### What you have to do
Your task is to transcribe exactly, and only, the lines running from the one with "פנסיון Hostal Los Sesto" to the end of the listing below, inclusive, with every picture left out.

___ Source material

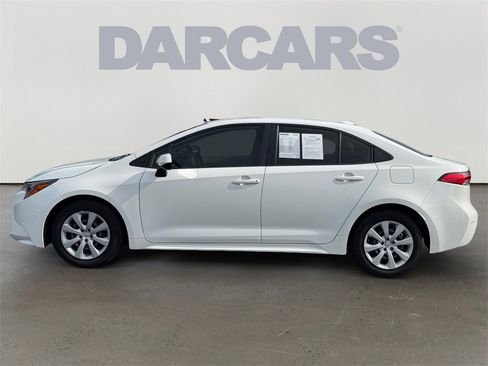 Used 2022 Toyota Corolla LE image 4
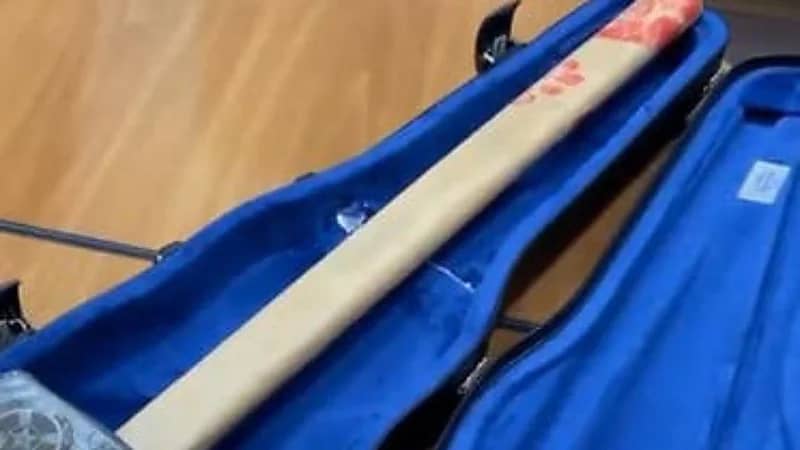 بالفيديو.. طباخ بوتين يُهدي البرلمان الأوروبي مطرقة "ملطخة بالدماء"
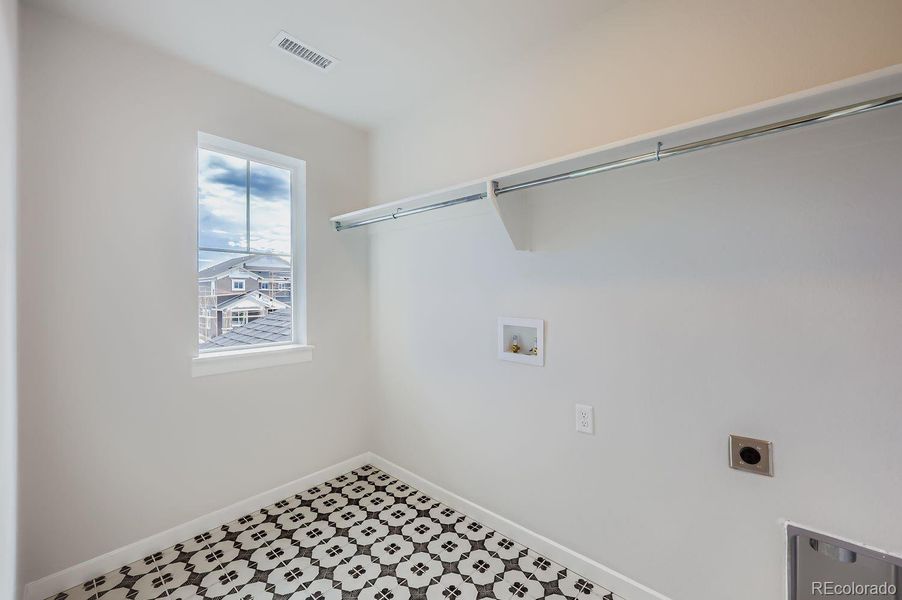 Spacious, unfurnished interior of a new home in Timber Ridge, Colorado Springs (Image 11).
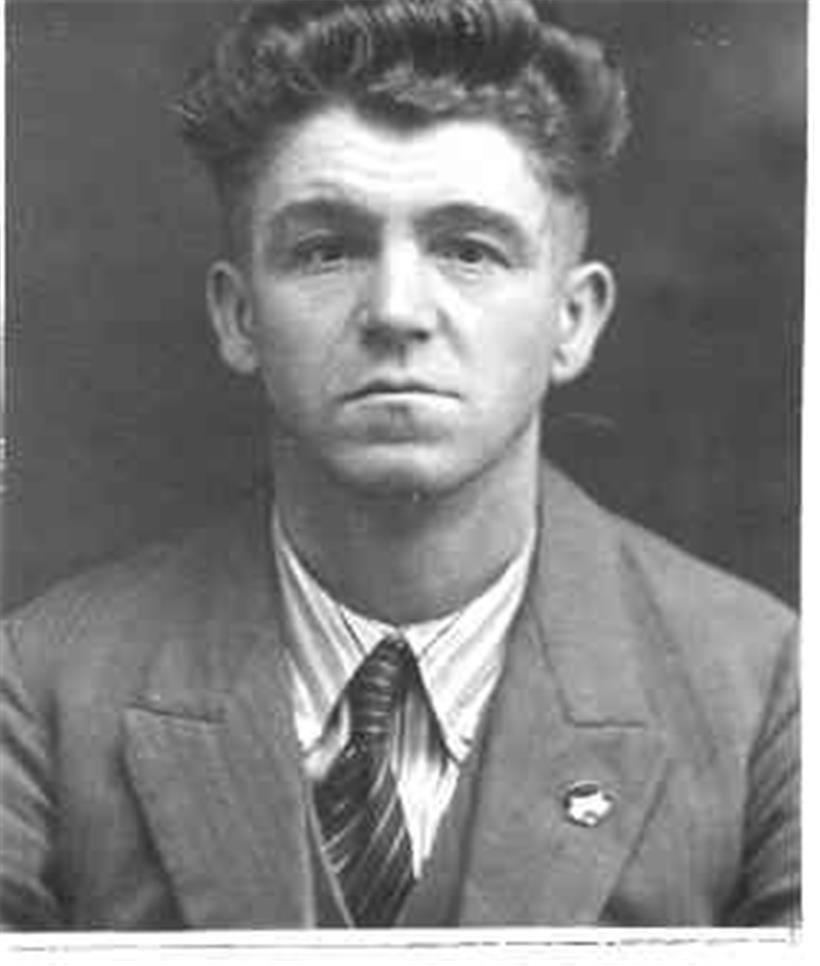 Passfotos von Henri Adam 1933, 1934 und 1938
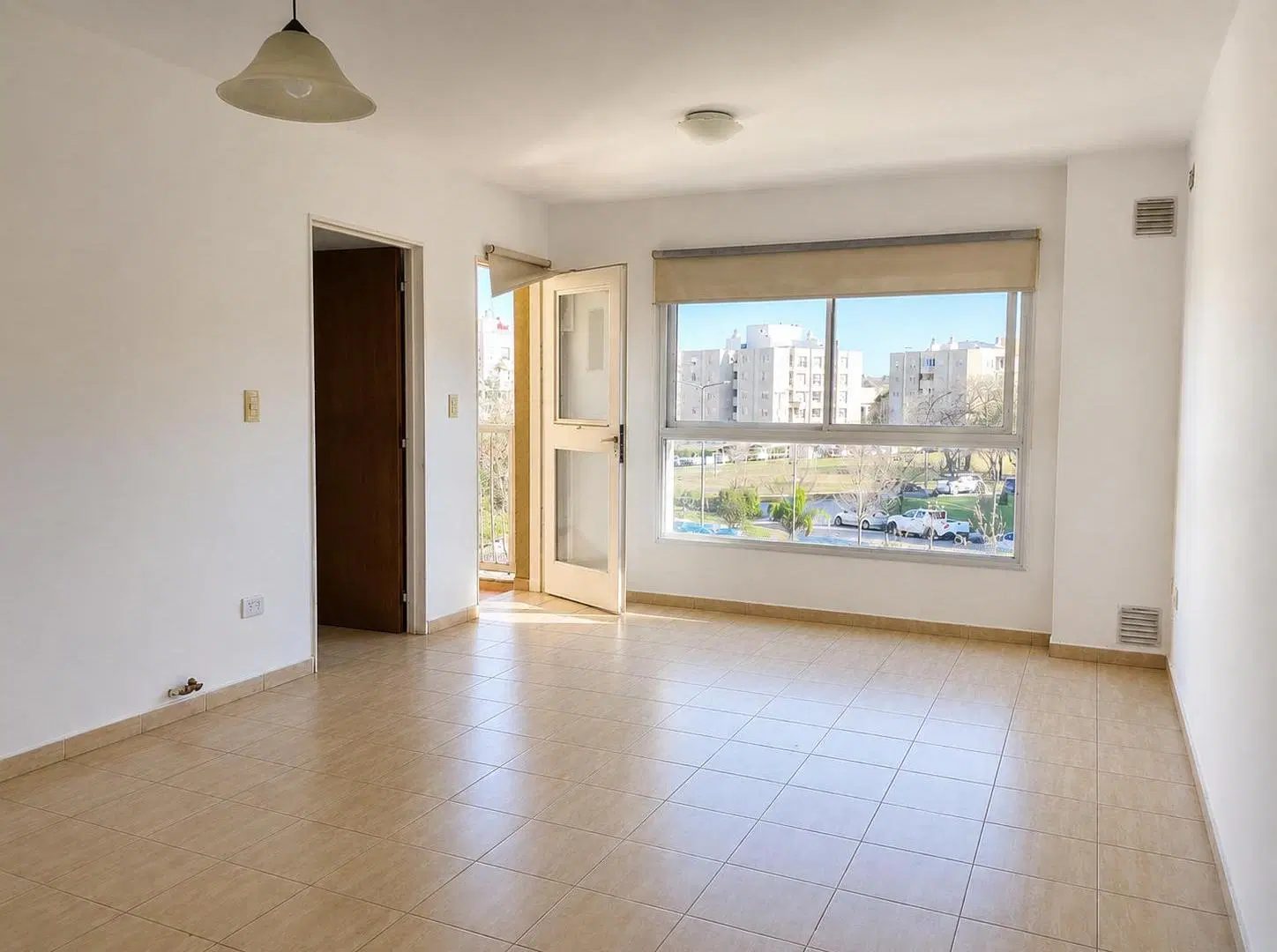 Departamento de 2 Dormitorios con Cochera y 2 Balcones en Balcones del Chateau 4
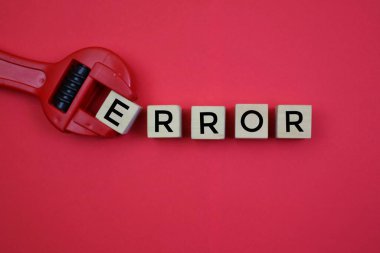 Üzerinde kırmızı bir arkaplan üzerinde 'hata' yazan bir tahta bloğu tutan bir araç. Bu da bir hata veya problemi yaratıcı bir şekilde ifade eder..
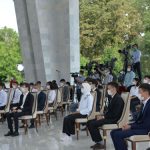 «Золотые» сертификаты получили 67 выпускников школ в Кыргызстане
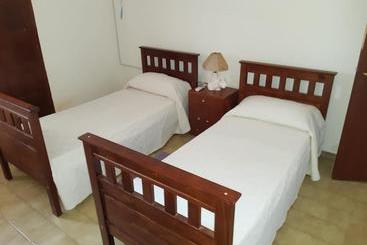 פנסיון Hostal Los Sesto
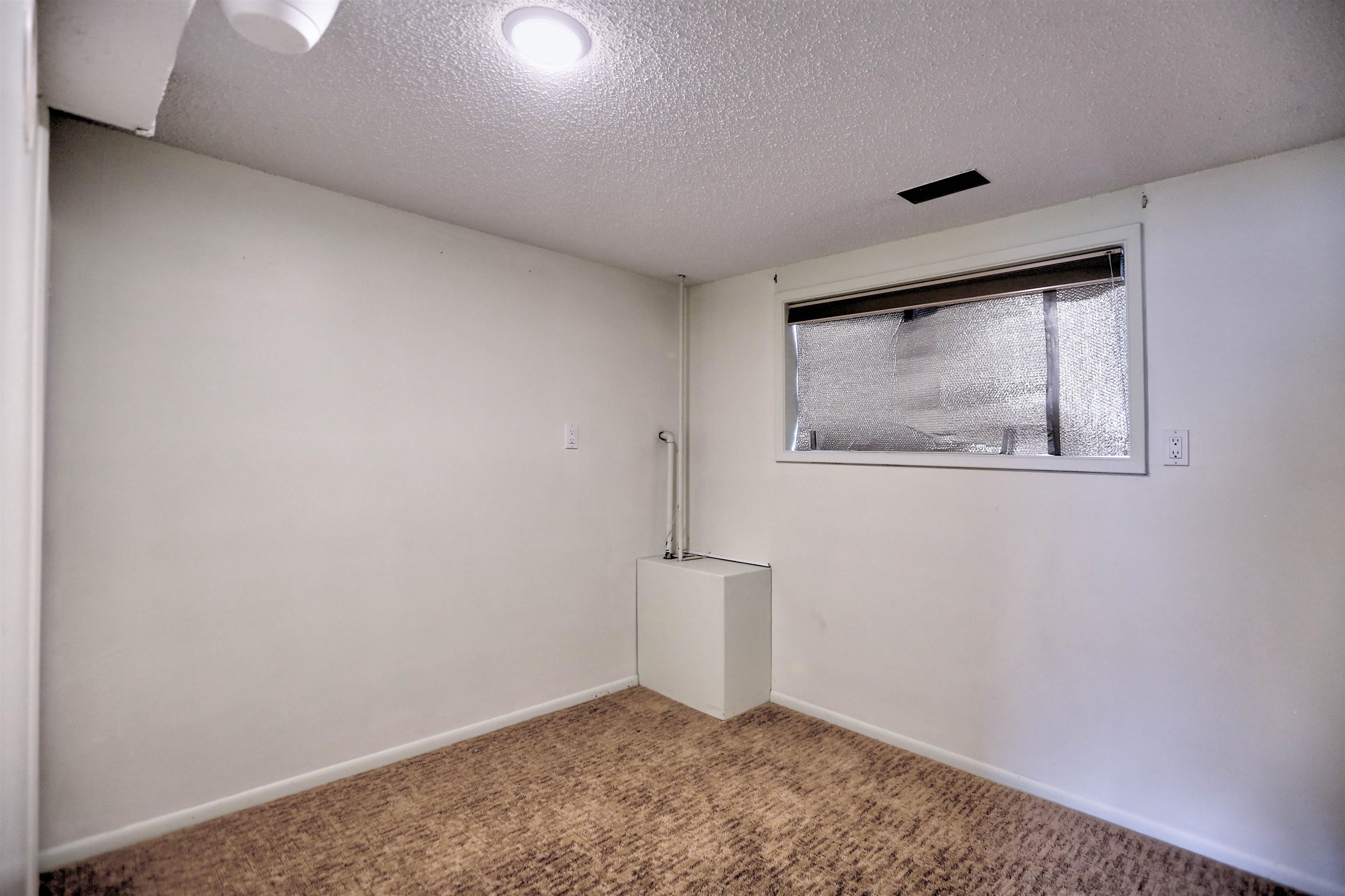132 E Astor Dr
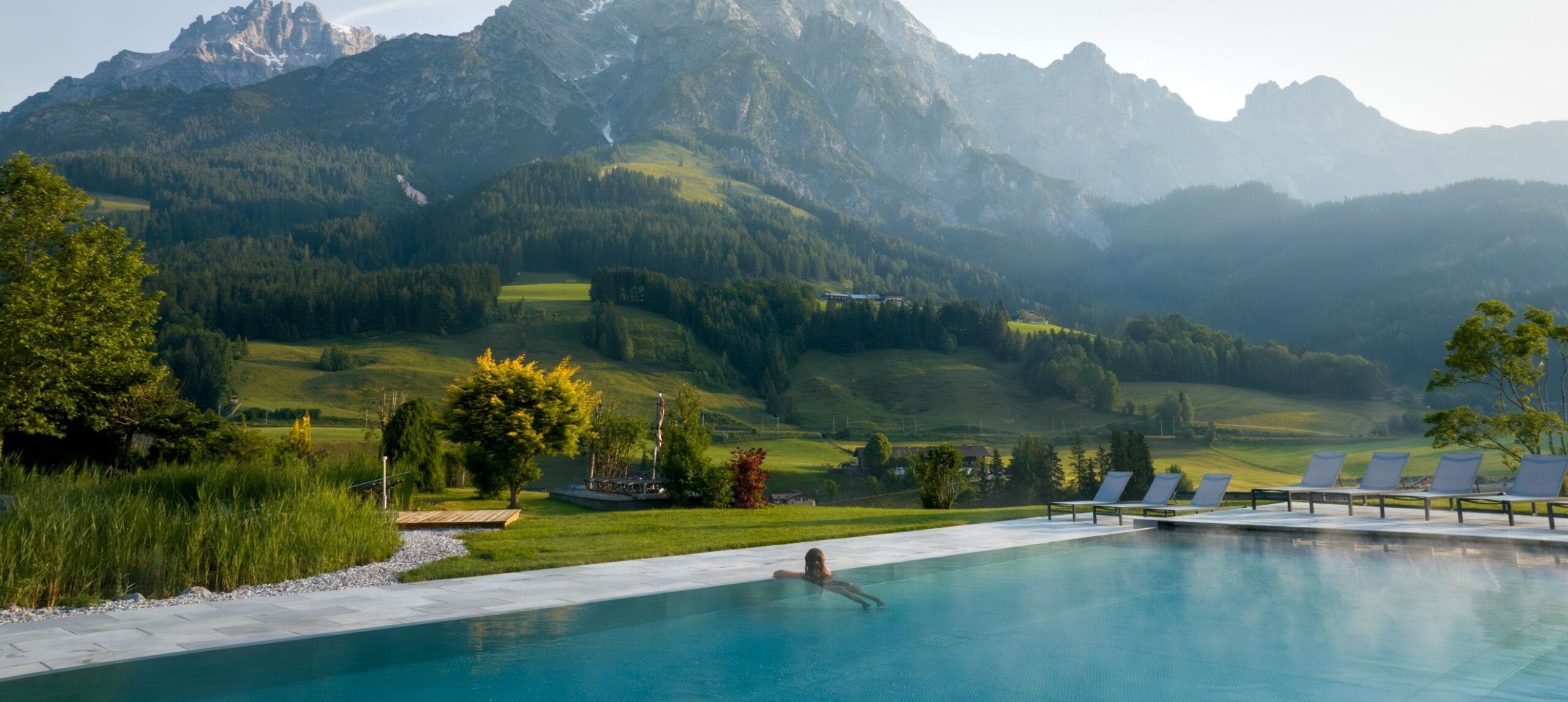 Puradis Pool mit Panorama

______

### Task output
 פנסיון Hostal Los Sesto
132 E Astor Dr
 Puradis Pool mit Panorama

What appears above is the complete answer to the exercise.